How do I search sub-folders and sub-sub-folders in Google Drive?

Sharing a Python solution to the excellent Alternative 3 by @pinoyyid, above, in case it's useful to anyone. I'm not a developer so it's probably hopelessly un-pythonic... but it works, only makes 2 API calls, and is pretty quick.

  1. Get a master list of all the folders in a drive.
  2. Test whether the folder-to-search is a parent (ie. it has subfolders).
  3. Iterate through subfolders of the folder-to-search testing whether they too are parents.
  4. Build a Google Drive file query with one '<folder-id>' in parents segment per subfolder found.

Interestingly, Google Drive seems to have a hard limit of 599 '<folder-id>' in parents segments per query, so if your folder-to-search has more subfolders than this, you need to chunk the list.

FOLDER_TO_SEARCH = '123456789'  # ID of folder to search
DRIVE_ID = '654321'  # ID of shared drive in which it lives
MAX_PARENTS = 500  # Limit set safely below Google max of 599 parents per query.

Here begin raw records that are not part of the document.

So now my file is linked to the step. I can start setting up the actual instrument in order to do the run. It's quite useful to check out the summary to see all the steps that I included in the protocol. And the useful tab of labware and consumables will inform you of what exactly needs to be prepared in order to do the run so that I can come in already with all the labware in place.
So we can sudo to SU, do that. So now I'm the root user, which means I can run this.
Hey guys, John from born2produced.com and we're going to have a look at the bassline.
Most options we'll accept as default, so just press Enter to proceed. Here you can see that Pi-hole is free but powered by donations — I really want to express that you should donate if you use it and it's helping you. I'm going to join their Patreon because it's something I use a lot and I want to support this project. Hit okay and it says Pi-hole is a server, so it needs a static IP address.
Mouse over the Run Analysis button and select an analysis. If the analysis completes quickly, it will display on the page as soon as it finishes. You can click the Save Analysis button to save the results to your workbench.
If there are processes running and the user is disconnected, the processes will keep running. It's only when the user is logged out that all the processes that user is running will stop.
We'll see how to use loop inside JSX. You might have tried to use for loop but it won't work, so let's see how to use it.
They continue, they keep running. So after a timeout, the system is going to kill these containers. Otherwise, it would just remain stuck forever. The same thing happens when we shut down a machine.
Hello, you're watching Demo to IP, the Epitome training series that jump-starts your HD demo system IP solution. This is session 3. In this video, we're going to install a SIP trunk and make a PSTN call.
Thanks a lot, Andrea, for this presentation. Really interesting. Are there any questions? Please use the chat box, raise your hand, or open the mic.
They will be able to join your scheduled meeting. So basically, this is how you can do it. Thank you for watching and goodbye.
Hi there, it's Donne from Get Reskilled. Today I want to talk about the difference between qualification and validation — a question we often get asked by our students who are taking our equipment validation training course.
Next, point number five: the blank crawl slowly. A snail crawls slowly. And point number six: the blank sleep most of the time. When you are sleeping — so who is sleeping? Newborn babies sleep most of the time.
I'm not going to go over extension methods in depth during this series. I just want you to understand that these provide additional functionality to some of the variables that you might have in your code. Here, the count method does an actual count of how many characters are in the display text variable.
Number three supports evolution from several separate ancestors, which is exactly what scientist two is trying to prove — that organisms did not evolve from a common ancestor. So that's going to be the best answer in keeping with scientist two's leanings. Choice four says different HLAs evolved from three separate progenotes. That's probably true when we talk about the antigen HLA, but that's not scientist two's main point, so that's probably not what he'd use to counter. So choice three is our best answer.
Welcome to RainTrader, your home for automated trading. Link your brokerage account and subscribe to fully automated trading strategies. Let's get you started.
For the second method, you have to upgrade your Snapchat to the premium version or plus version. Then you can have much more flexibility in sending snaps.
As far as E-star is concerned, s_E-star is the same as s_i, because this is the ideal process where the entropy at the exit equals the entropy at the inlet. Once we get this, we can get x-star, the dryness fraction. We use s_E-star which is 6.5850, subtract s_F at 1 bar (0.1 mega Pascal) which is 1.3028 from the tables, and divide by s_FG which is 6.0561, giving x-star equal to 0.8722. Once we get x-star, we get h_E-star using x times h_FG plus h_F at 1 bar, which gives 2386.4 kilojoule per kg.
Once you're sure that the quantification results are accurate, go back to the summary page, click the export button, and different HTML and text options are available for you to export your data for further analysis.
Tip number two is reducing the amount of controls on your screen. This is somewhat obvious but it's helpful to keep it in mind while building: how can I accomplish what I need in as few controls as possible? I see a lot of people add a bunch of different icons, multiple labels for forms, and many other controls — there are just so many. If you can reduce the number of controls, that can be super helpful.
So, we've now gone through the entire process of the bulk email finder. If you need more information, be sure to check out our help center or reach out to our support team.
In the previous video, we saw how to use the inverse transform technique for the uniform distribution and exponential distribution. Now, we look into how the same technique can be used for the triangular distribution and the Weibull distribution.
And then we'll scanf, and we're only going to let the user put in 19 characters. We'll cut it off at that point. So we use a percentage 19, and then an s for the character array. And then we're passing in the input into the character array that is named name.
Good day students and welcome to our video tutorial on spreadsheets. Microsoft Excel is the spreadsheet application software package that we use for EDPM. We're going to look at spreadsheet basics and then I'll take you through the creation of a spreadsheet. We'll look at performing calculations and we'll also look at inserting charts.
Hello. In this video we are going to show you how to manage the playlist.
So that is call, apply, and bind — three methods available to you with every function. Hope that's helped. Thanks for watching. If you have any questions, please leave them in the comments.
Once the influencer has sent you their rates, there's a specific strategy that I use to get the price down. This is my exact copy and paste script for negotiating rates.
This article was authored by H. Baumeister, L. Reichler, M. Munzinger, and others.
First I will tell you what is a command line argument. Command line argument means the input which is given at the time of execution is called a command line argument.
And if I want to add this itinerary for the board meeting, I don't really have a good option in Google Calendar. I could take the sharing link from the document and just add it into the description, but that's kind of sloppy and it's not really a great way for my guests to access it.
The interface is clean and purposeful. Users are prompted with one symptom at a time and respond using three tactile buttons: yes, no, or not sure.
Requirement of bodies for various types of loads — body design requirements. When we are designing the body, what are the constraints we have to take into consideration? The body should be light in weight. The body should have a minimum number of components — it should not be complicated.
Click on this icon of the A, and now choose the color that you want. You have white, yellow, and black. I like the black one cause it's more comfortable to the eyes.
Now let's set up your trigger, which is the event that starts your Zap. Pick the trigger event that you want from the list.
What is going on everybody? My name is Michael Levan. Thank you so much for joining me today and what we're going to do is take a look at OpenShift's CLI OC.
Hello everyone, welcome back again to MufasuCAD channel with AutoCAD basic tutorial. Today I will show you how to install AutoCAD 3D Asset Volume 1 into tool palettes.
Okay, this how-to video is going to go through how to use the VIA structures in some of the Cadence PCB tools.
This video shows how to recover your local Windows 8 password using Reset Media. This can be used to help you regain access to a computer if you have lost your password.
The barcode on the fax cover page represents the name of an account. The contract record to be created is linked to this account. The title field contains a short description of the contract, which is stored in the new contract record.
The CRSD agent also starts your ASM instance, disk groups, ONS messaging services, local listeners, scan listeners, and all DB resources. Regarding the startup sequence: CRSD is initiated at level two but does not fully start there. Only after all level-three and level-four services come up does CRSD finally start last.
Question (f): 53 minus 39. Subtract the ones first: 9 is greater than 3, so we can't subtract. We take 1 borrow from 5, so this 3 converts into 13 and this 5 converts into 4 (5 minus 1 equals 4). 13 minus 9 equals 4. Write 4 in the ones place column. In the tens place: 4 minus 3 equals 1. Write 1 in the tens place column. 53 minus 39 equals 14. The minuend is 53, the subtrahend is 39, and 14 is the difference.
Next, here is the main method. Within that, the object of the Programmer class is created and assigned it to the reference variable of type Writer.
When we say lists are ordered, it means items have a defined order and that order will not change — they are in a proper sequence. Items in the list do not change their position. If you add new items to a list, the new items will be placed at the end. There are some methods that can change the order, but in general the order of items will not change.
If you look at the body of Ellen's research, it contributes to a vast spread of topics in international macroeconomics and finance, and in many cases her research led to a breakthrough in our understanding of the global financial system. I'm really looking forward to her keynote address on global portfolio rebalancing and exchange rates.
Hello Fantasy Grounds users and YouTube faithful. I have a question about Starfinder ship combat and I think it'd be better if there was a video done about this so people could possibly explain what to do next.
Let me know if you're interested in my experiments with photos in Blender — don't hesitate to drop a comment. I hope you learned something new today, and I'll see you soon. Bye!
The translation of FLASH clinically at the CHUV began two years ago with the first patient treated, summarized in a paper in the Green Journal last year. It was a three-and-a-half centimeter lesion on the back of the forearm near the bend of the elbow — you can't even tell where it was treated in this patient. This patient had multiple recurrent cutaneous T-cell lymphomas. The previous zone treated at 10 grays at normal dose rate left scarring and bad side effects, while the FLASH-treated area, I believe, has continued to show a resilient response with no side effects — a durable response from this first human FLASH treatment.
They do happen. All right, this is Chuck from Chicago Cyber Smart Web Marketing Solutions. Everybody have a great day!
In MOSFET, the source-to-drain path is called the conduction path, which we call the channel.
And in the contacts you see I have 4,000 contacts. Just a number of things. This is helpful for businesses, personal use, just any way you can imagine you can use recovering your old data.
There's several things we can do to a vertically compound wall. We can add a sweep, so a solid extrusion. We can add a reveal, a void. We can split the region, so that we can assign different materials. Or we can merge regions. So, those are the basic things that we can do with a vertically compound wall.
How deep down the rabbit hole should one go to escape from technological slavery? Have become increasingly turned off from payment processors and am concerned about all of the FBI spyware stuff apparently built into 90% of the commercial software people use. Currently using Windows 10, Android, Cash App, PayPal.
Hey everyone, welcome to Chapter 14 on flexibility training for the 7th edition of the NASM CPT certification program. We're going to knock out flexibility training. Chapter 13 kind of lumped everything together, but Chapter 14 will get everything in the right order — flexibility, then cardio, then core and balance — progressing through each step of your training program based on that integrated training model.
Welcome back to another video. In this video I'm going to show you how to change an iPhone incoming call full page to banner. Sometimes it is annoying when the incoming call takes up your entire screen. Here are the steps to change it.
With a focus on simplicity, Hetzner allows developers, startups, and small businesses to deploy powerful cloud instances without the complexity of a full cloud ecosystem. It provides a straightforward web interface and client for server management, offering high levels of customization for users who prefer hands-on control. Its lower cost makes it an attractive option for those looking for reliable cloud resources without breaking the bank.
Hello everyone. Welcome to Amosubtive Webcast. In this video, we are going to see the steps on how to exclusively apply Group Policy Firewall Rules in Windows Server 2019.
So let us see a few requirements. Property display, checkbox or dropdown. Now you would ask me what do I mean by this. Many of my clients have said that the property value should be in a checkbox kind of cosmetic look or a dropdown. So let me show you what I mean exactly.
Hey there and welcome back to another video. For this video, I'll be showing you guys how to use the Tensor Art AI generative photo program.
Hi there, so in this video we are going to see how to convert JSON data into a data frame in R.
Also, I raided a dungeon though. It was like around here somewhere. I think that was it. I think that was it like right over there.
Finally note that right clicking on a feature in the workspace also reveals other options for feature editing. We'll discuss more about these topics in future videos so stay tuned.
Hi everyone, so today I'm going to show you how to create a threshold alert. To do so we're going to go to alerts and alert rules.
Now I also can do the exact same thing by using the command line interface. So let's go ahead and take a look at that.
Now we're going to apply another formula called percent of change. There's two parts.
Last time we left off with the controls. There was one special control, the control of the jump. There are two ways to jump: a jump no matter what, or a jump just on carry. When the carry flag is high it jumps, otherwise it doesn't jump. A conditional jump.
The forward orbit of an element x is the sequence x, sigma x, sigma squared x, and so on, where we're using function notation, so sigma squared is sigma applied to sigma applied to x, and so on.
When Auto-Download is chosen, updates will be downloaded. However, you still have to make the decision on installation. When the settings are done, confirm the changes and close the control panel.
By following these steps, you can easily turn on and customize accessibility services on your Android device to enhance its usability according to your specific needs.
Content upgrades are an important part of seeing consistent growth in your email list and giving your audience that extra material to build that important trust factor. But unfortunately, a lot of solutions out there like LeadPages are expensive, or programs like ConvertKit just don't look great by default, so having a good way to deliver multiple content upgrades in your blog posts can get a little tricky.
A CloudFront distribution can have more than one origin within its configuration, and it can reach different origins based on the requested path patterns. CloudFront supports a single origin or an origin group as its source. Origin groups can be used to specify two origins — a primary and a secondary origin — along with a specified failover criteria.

def get_all_folders_in_drive():
    """
    Return a dictionary of all the folder IDs in a drive mapped to their parent folder IDs (or to the
    drive itself if a top-level folder). That is, flatten the entire folder structure.
    """
    folders_in_drive_dict = {}
    page_token = None
    max_allowed_page_size = 1000
    just_folders = "trashed = false and mimeType = 'application/vnd.google-apps.folder'"
    while True:
        results = drive_api_ref.files().list(
            pageSize=max_allowed_page_size,
            fields="nextPageToken, files(id, name, mimeType, parents)",
            includeItemsFromAllDrives=True, supportsAllDrives=True,
            corpora='drive',
            driveId=DRIVE_ID,
            pageToken=page_token,
            q=just_folders).execute()
        folders = results.get('files', [])
        page_token = results.get('nextPageToken', None)
        for folder in folders:
            folders_in_drive_dict[folder['id']] = folder['parents'][0]
        if page_token is None:
            break
    return folders_in_drive_dict


def get_subfolders_of_folder(folder_to_search, all_folders):
    """
    Yield subfolders of the folder-to-search, and then subsubfolders etc. Must be called by an iterator.
    :param all_folders: The dictionary returned by :meth:`get_all_folders_in-drive`.
    """
    temp_list = [k for k, v in all_folders.items() if v == folder_to_search]  # Get all subfolders
    for sub_folder in temp_list:  # For each subfolder...
        yield sub_folder  # Return it
        yield from get_subfolders_of_folder(sub_folder, all_folders)  # Get subsubfolders etc


def get_relevant_files(self, relevant_folders):
    """
    Get files under the folder-to-search and all its subfolders.
    """
    relevant_files = {}
    chunked_relevant_folders_list = [relevant_folders[i:i + MAX_PARENTS] for i in
                                     range(0, len(relevant_folders), MAX_PARENTS)]
    for folder_list in chunked_relevant_folders_list:
        query_term = ' in parents or '.join('"{0}"'.format(f) for f in folder_list) + ' in parents'
        relevant_files.update(get_all_files_in_folders(query_term))
    return relevant_files


def get_all_files_in_folders(self, parent_folders):
    """
    Return a dictionary of file IDs mapped to file names for the specified parent folders.
    """
    files_under_folder_dict = {}
    page_token = None
    max_allowed_page_size = 1000
    just_files = f"mimeType != 'application/vnd.google-apps.folder' and trashed = false and ({parent_folders})"
    while True:
        results = drive_api_ref.files().list(
            pageSize=max_allowed_page_size,
            fields="nextPageToken, files(id, name, mimeType, parents)",
            includeItemsFromAllDrives=True, supportsAllDrives=True,
            corpora='drive',
            driveId=DRIVE_ID,
            pageToken=page_token,
            q=just_files).execute()
        files = results.get('files', [])
        page_token = results.get('nextPageToken', None)
        for file in files:
            files_under_folder_dict[file['id']] = file['name']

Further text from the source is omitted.